Transição

Olho as enormes estantes em volta de mim e penso na dureza deste momento de transição. Minha próxima casa talvez não tenha nem metade dessas prateleiras e desses livros. Temo sentir falta deles. Cresci numa casa com estantes generosas e muitas enciclopédias ilustradas para matar as tardes de tédio. Minha filha adolescente cresce cercada de fios e aparelhos que apitam, imersa na rede. Pergunto a ela se pensa que a casa dela no futuro terá grandes estantes. Ela diz que não sabe, mas avisa que prefere livros em papel ("gosto de segurar"), ainda que invista muito tempo na comunicação eletrônica.
Talvez eu não devesse comparar essas coisas. A gente ficou com medo da rua e tranca as crianças em casa, como se isso fosse saudável. Elas saem pelas janelas da internet.

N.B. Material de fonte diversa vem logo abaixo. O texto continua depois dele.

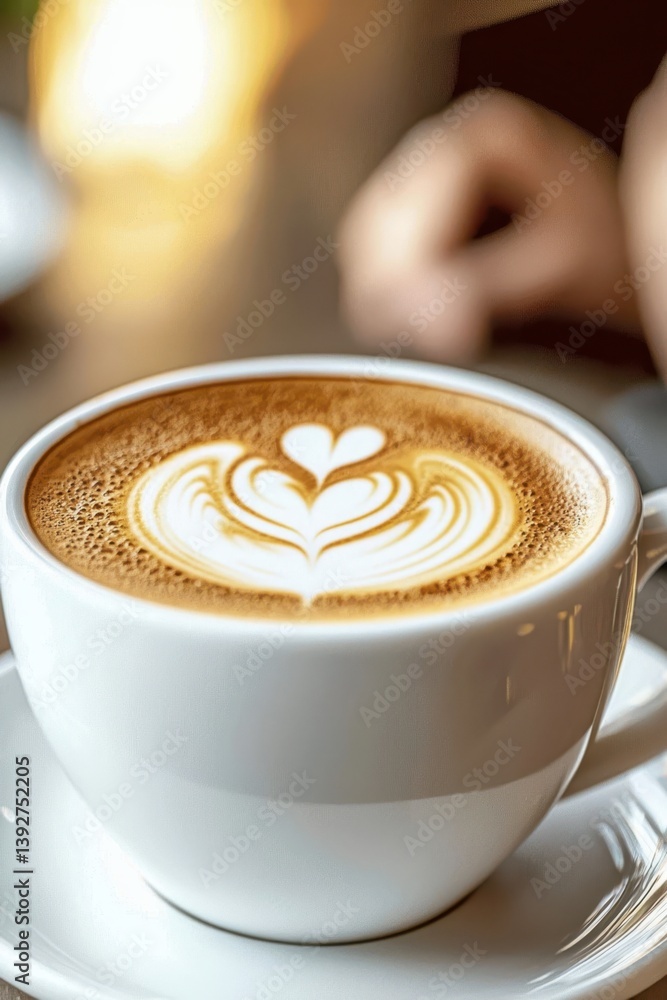 A beautifully crafted latte with intricate foam art sits in a white cup, suggesting a cozy cafe atmosphere. A beautifully crafted latte with intricate foam art sits in a white cup, suggesting a cozy cafe atmosphere.
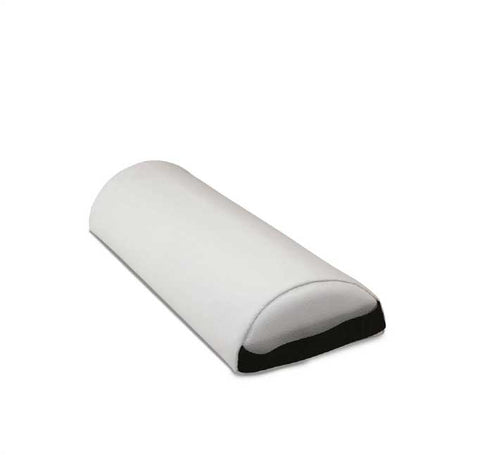 "Half round bolster, high-density foam, to provide excellent support and comfort during various beauty treatments. Made with high-density foam, this bolster helps align the body and relieve pressure while providing support and comfort, white fabric."
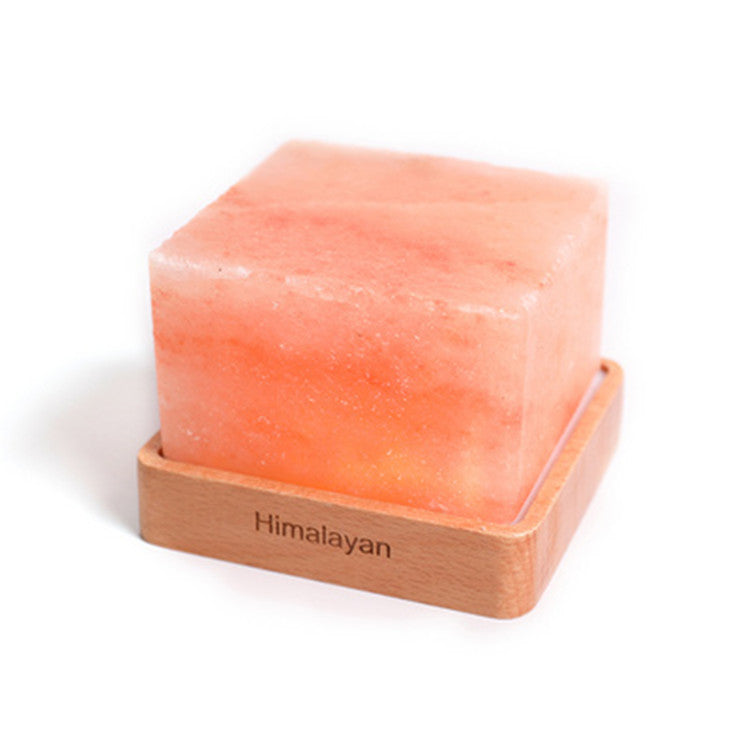 led square wooden base crystal salt lamp 108835416624
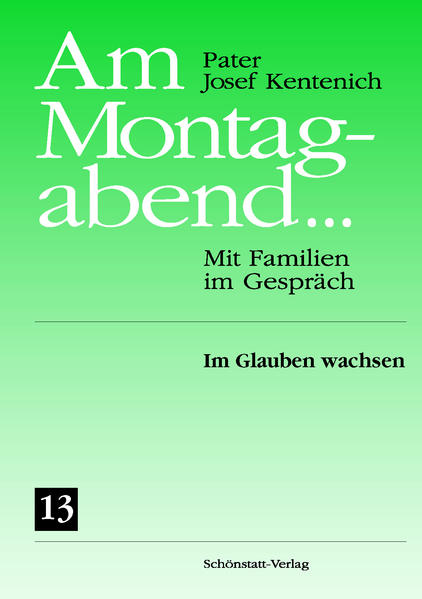 In der Reihe „Am Montagabend ...“ werden die Vorträge veröffentlicht, die Pater Josef Kentenich (1885-1968) im Zeitraum von 1955 bis 1964 für Ehepaare in Milwaukee/USA gehalten hat. Im 13. Band „Im Glauben wachsen“ steht das Leben aus dem Glauben im Vordergrund. Für den modernen Menschen ist es schwer geworden, Gott hinter allen Dingen gläubig zu sehen. Die Gottesmutter, die in ihrem Leben wie wir viele dunkle und leidvolle Stunden durchstehen musste, ermutigt uns zum Wagnis des Glaubens. Sie möchte vom Schönstattheiligtum aus die christliche Familie und die christliche Gesellschaftsordnung prägen. Im Liebesbündnis übernimmt sie die Verantwortung für uns und erzieht uns zu freien und starken Persönlichkeiten, die aus dem Glauben leben.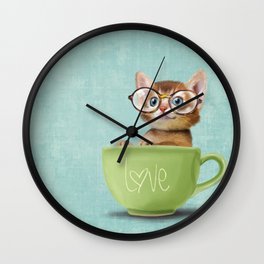 Kitten with glasses Wall Clock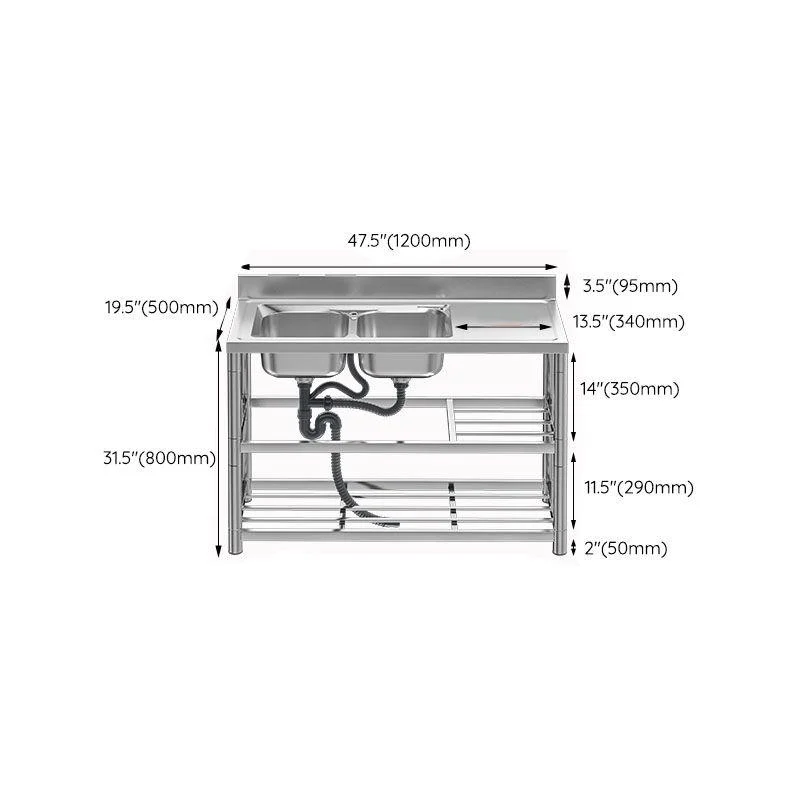 Classic Style Kitchen Sink Stainless Steel 2 Holes Undermount Kitchen Sink -Bathlova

Fiquei pensando que faço parte de uma geração de transição: nasci analógica, cresci elétrica e amadureci eletrônica. Mas isso é bobagem. Minha geração ensinou os pais a programar videocassete e usar controle remoto antes de ensinar a usar o computador e o e-mail. E a geração dos meus pais deve ter ensinado a geração dos meus avós a fazer outras coisas. Pensando bem, todas as gerações são de transição. Exceto a última, a derradeira, a que estiver por aqui quando o mundo acabar. Um dia, quando a humanidade acabar, esse mundo tecnológico não vai mais ter importância nenhuma. Tanto esforço para nada. Tanta informação para nada. Puf. Baubau. Acabou.